The OS Crosses Borders :: Field Notes by Margaret Randall

the operating system
The Operating System & Liminal Lab
4 min readMar 18, 2018
Israel Dominguez and Margaret Randall read in Mantanzas

In March 2018 The Operating System breached a border the U.S. government has tried to keep closed for sixty years. Barbara Byers, Gregory Randall and I (Margaret Randall) attended the Matanzas Book Fair, provincial continuation of Havana’s yearly book fair that takes place in February. [Ed: “Feria Internacional del Libro de La Habana,” running annually since 1982.] Following the magna event in Cuba’s capital city, the fair moves east, exciting book lovers in one province after another with a mix of the books that have made their appearance nationally during the preceding year and foreign titles, all in an intensely local event.

This year, The Operating System was present in several ways. I brought the bilingual edition of Viaje de Regreso / Return Trip by Cuban poet Israel Domínguez and just out from the OS. Cuba’s Ediciones Aldabón published a Spanish edition of Gregory’s To Have Been There Then, his memoir of growing up in Cuba which the OS put out in January of 2017. And Barbara, whose art appeared on the covers of the 2017 chapbook series, had an exhibition of her asemic writing journals; the 16 notebooks were affixed to the museum wall in such a way that the public could thumb through them, an experience people really seemed to appreciate. Barbara’s show also included the original drawings for my Little Charlie Lindbergh and Other Poems, just released by Ediciones Matanzas as Del pequeño Charlie Lindbergh y otros poemas. And Barbara funded and judged the first in a yearly contest for young book designers hosted by Matanzas’ famous handmade book cooperative, Vigía.

Artist Barbara Byers with a poster for her show at Museo Palacia de Junco in Matanzas, Cuba

Cuba’s Minister of Culture, Abel Prieto, attended Gregory’s book launch in Matanzas. A pretty amazing offshoot of that was his invitation to Gregory and me to come to the Ministry in Havana a few days later and hold a conversation with about 100 cultural workers. [Ed: See more pictures and hear an audio clip in Spanish from Cuban radio station CGMW here.] It was clear that Abel had read Gregory’s book from cover to cover; he mentioned too many details for us to doubt that. When I asked him how he’d had time, he said he’d read it in the car, traveling to the book fair in the province of Camagüey!

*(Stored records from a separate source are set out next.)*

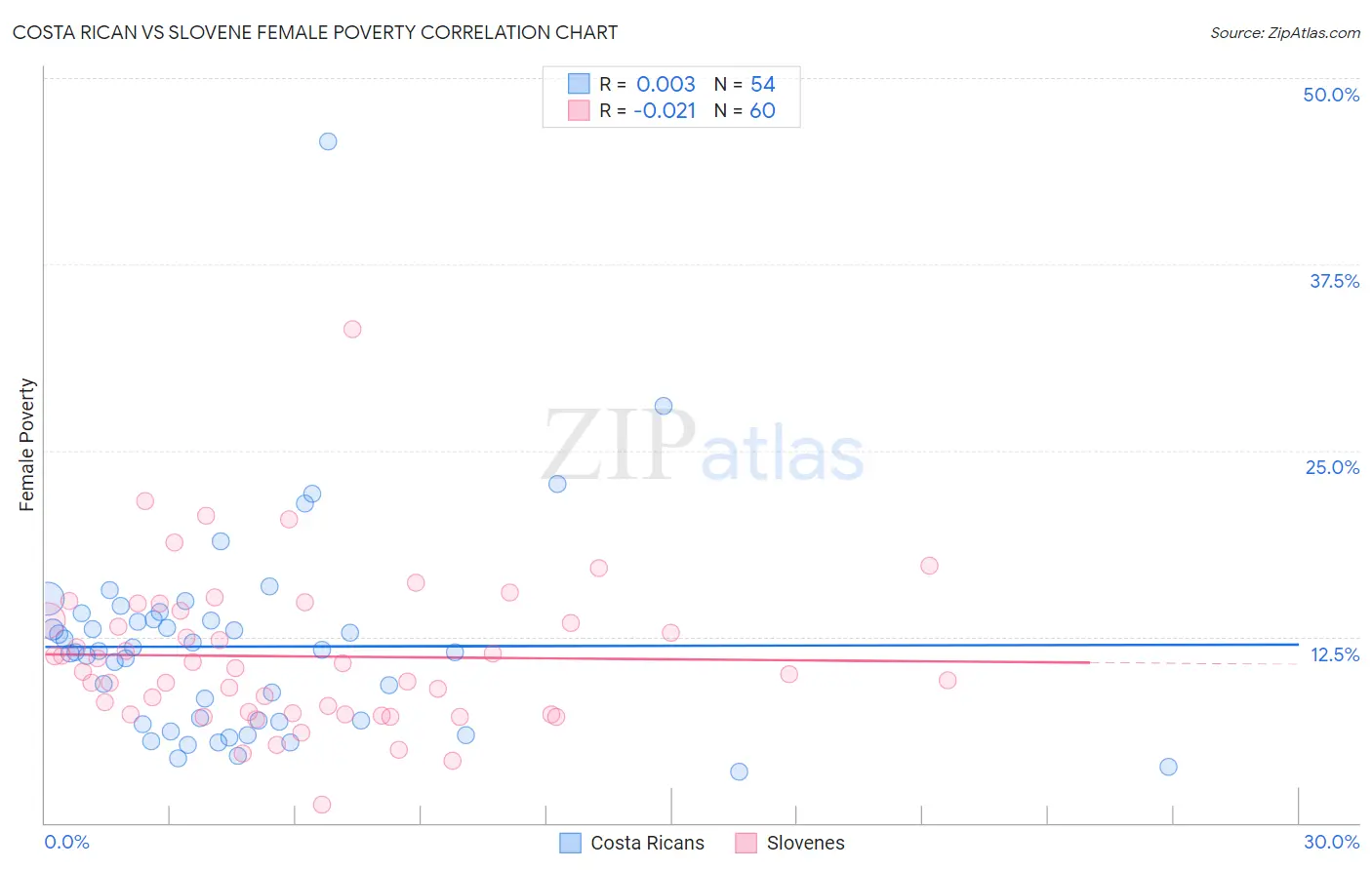 Costa Rican vs Slovene Female Poverty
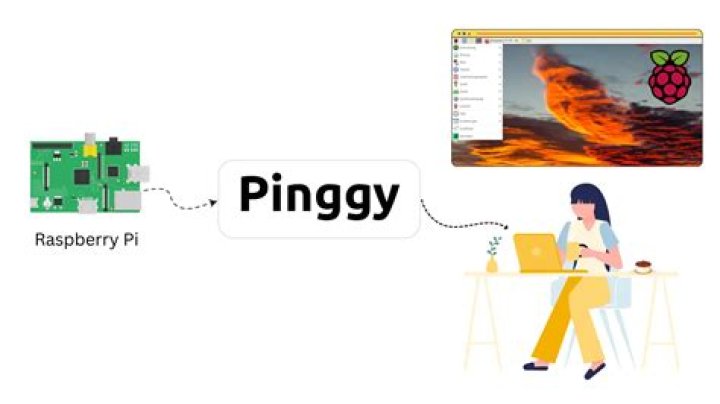 Remote Raspberry Pi Access: Free Windows Solutions for IoT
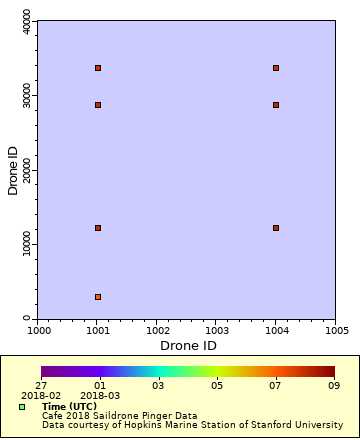[The graph you specified. Please be patient.]
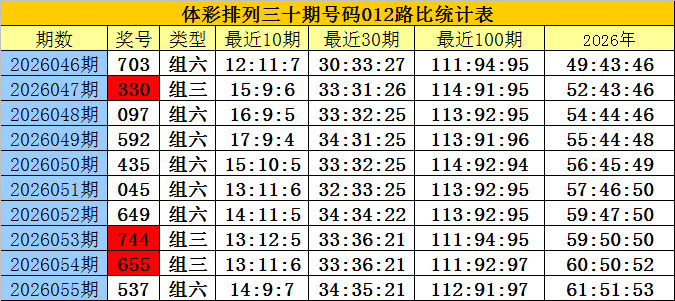 期双色球红,球推荐,专家质合分,山东体彩,山东体彩网,山东体彩网官网,体育彩票,体彩大乐透,竞彩足球,体彩公益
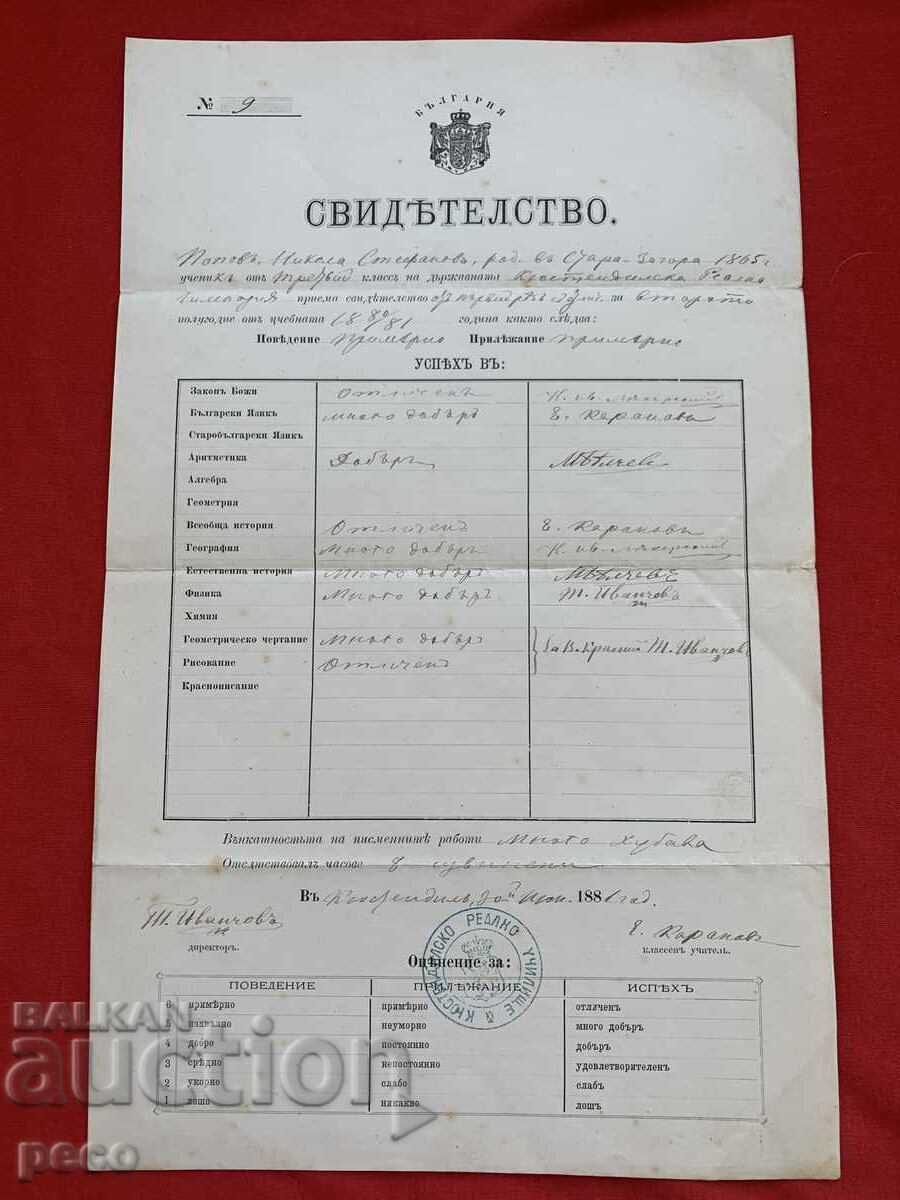 Кюстендилска реална гимназия 1881 г.Никола Попов Ст.Загора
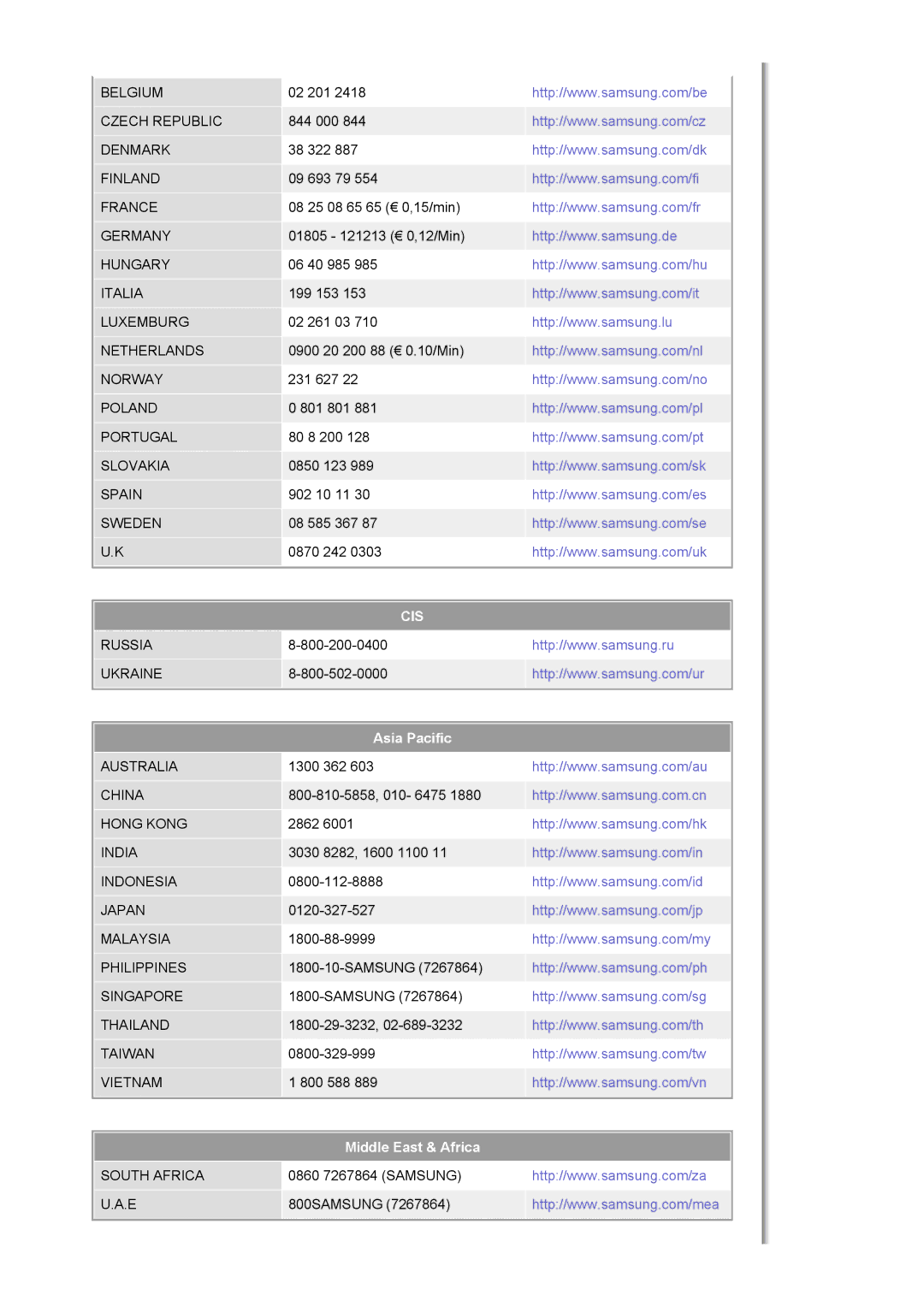 Samsung LS19HJDQHV/EDC, LS17HJDQHV/EDC manual Cis 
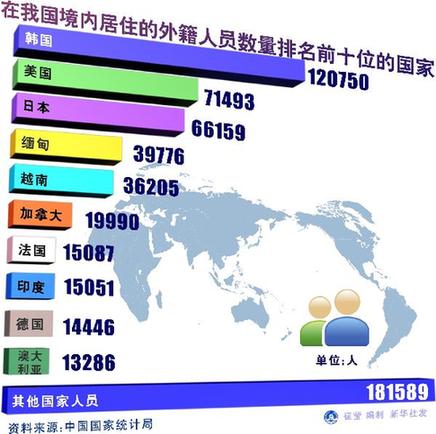 在我國境內(nèi)居住的外籍人員數(shù)量排名前十位的國家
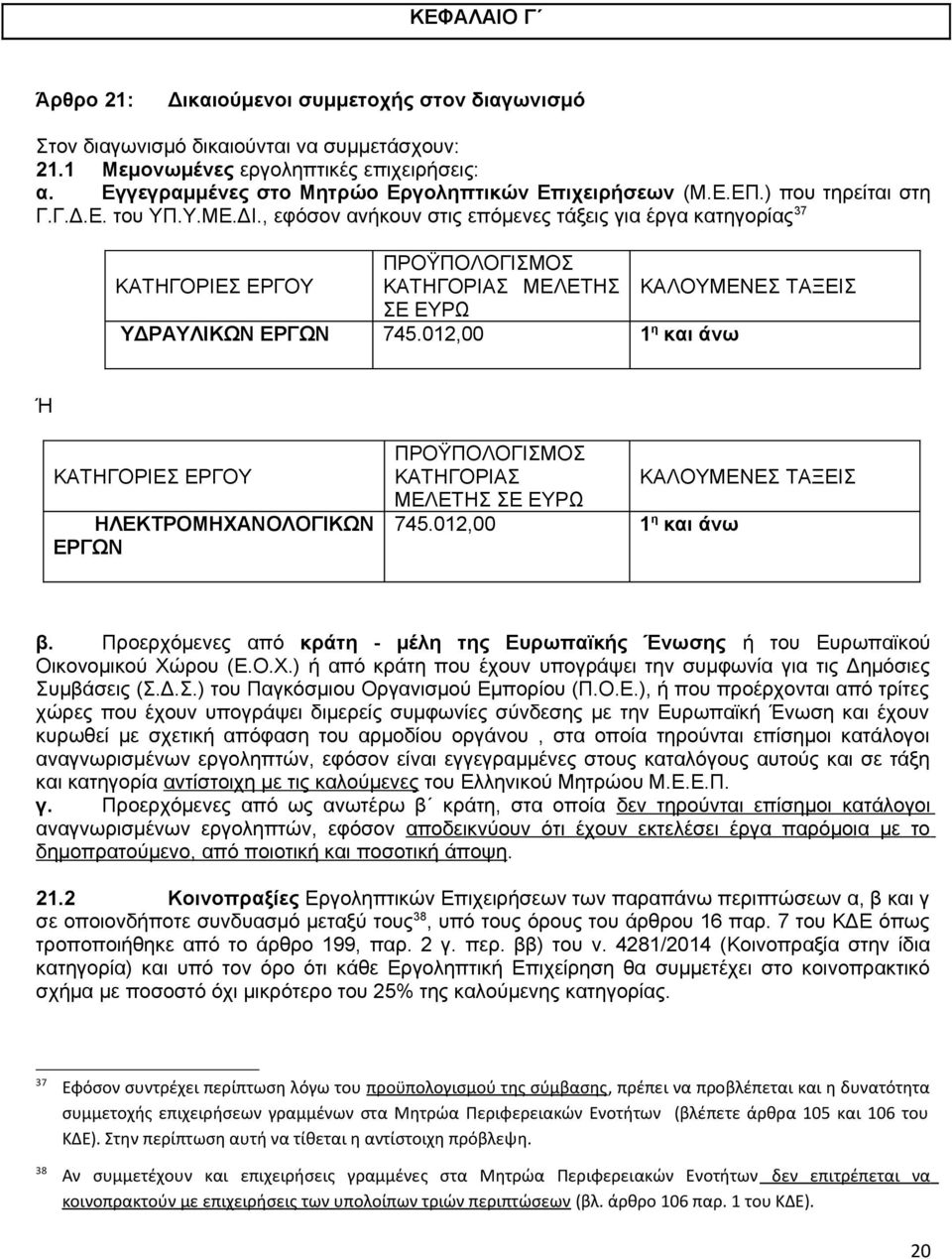 , εφόσον ανήκουν στις επόμενες τάξεις για έργα κατηγορίας 37 ΚΑΤΗΓΟΡΙΕΣ ΕΡΓΟΥ ΠΡΟΫΠΟΛΟΓΙΣΜΟΣ ΚΑΤΗΓΟΡΙΑΣ ΜΕΛΕΤΗΣ ΚΑΛΟΥΜΕΝΕΣ ΤΑΞΕΙΣ ΣΕ ΕΥΡΩ ΥΔΡΑΥΛΙΚΩΝ ΕΡΓΩΝ 745.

Gregory Randall, Margaret Randall, and Cuban Minister of Culture, Abel Prieto

Abel has been one of the country’s high-ranking leadership who has done more than anyone else more in recent years to remedy periods of censorship and make sure they don’t happen again. A writer himself, his is a profound and creative intelligence. The event at the Ministry was illuminating in all sorts of ways. We talked about Gregory’s book, but also about the role of creative people in designing and sustaining a new society. The cultural workers (most seemed to be in their late thirties) asked complex questions. Cuba suffers from all sorts of problems — from chronic underdevelopment to continued U.S. assault and a precarious economy. But in its support for the arts it is way ahead of the United States — with books on average costing the equivalent of 50 cents.

The Operating System has always had as one of its goals that of making community. In March it made community for a public that rarely has access to U.S. literature.

Ed: another editorial about Margaret’s visit to the annual Book Festival appears here. (Spanish)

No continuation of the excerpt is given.